On consistent first approximations in the general linear theory of thin elastic shells

Abstract

This paper, as a number of earlier ones, is concerned with the rational establishment of twodimensional differential equations for the approximate analysis of stress and strain in elastic layers with spacecurved middle surface. It has been known for some time that the principal difficulty of this problem is to establish rational two-dimensional constitutive equations which correspond to a given system of constitutive equations for the layer treated as a three-dimensional continuum. — In an earlier publication [18] the point had been made that since two-dimensional shell theory was concerned with stress resultants and stress couples, it ought to be advantageous to derive such a theory from a three-dimensional theory in which force stresses as well as moment stresses were incorporated, even for media which, actually, were incapable of supporting moment stresses. — The earlier work [18] had indicated that, mathematically, the advantages of approaching the derivation of two-dimensional shell theory from three-dimensional moment stress elastically theory had to do with the form of the compatibility equations for strain in such a three-dimensional theory.

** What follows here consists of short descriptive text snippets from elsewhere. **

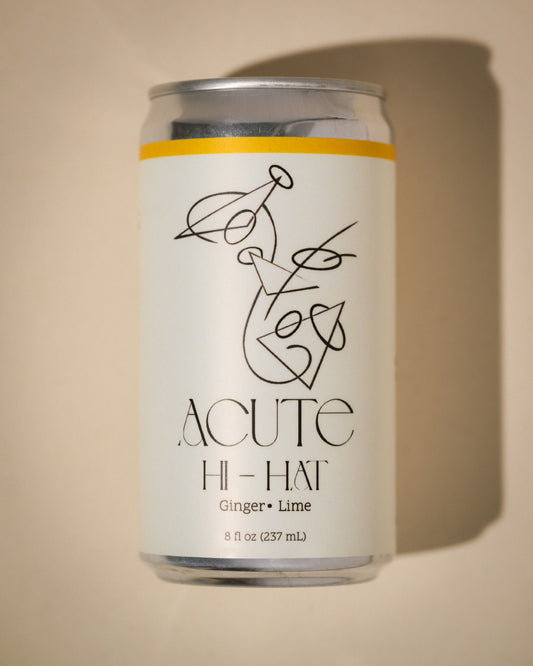 Can of Acute Hi-Hat ginger lime drink on a beige background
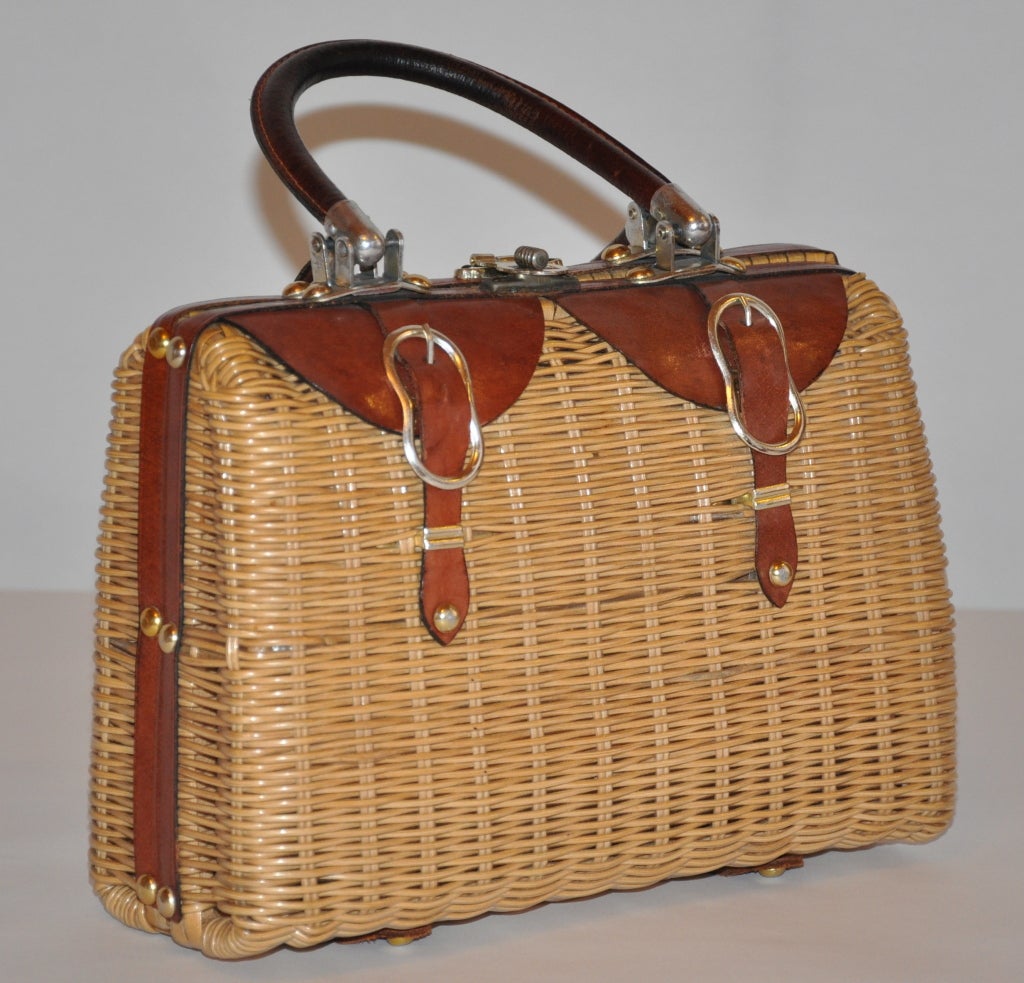 Natural-colored Wicker double-handle handbag has brown leather and gold hardware detailing. The bottom of the handbag has protective hardware, along with leather detailing also. There' an inner compartment and also an attached change purse. The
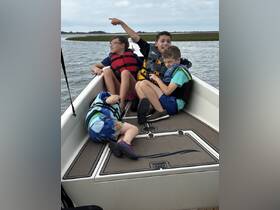 A group of children enjoys a fun moment aboard a boat, showcasing the joy of boating adventures with friends.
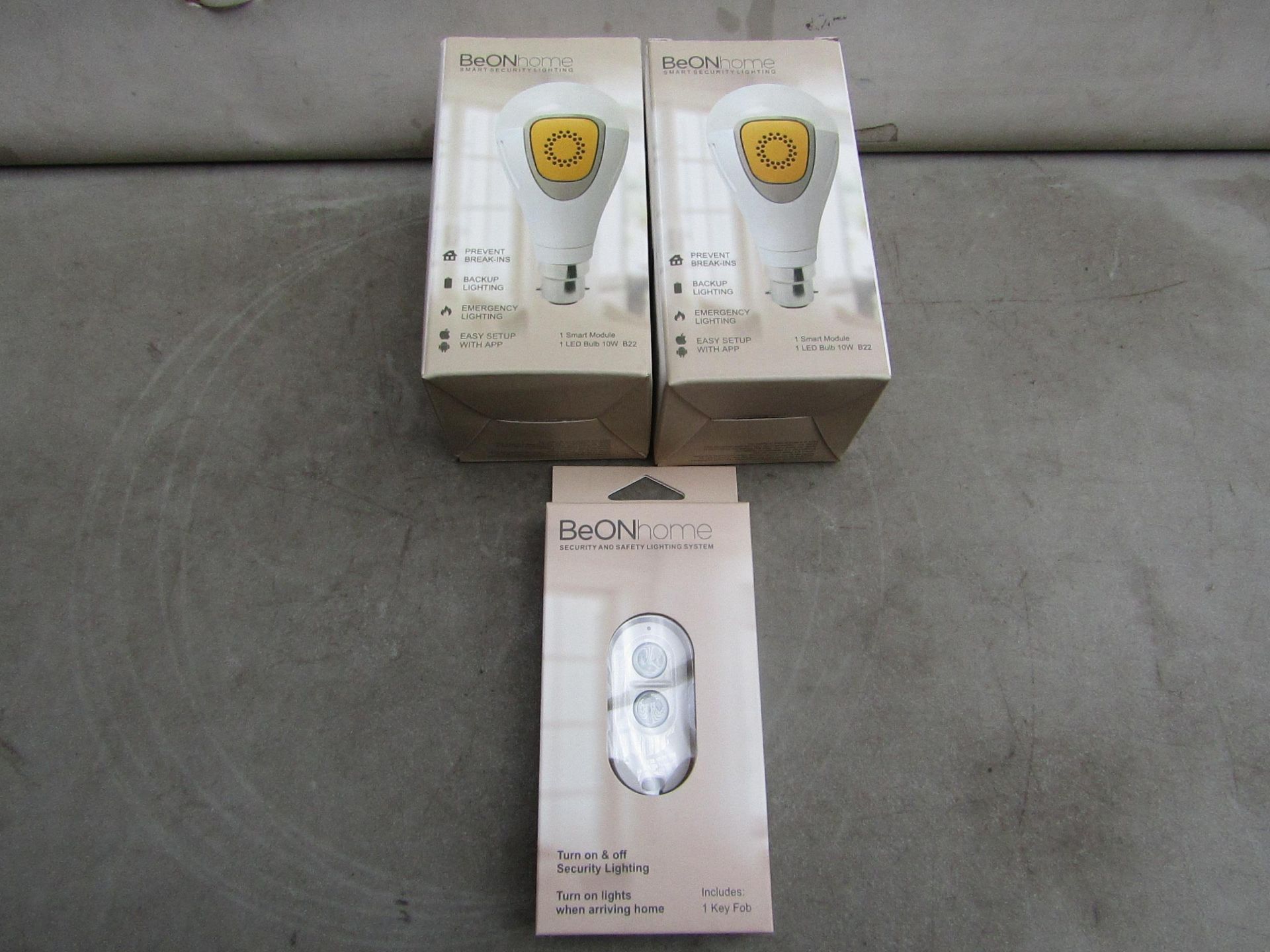 3x BeOn Home items being 2 Smart aop controlled Light Bulbs and a Blue tooth remote control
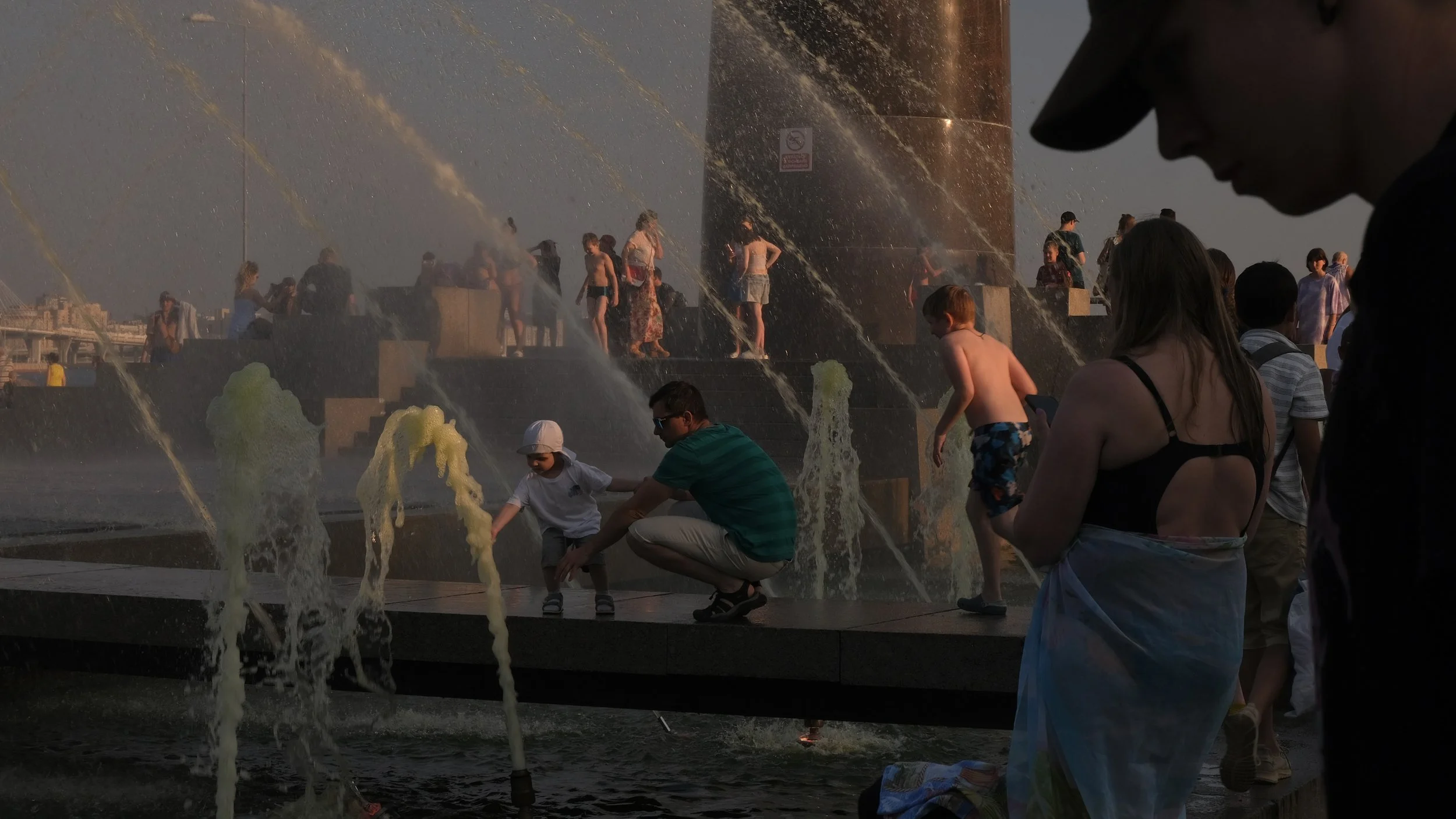 People enjoying a fountain with water jets during sunset. A woman holds a child, while others, including a man and a boy, interact with the water. More people are in the background around the fountain, with some on steps and others walking. The scene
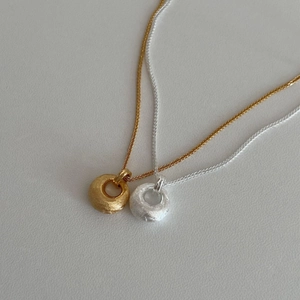 Colliers avec pendentif anneau brossé en or et argent sur fond à texture délicate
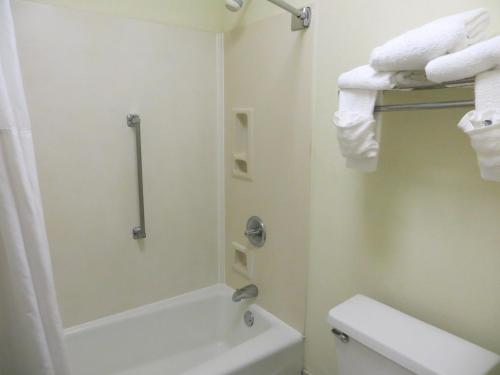 a bathroom with a shower and a toilet and towels at Baymont Inn & Suites by Wyndham Florence in Florence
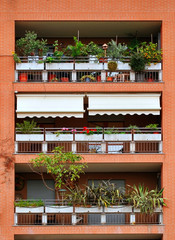 Balconies of a brick building, decorated with flowers and plants in pots. Vertical view.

Briefly, with these three-dimensional compatibility equations it becomes possible to concentrate all three-dimensional aspects of the shell problem in a three-dimensional system of integro-differential constitutive equations, and the task of deriving rational two-dimensional constitutive equations becomes nothing but the task of establishing suitable asymptotic expansions for the solutions of these three-dimensional integro-differential equations. In the work in [18] this task had not actually been carried out. The present paper establishes a significant rearrangement of the system of integro-differential equations, in such a way that the nature of the necessary asymptotic expansions is made evident. — With this, explicit results are obtained which include the system of two-dimensional constitutive equations of Koiter and Sanders for an iotropic homogeneous medium, as well as a system of constitutive equations for a class of shells for which the normals to the middle surface are not directions of elastic symmetry, as well as a system of constitutive equations for shells which are sufficiently soft in transverse shear to make transverse shear deformation a first-order effect.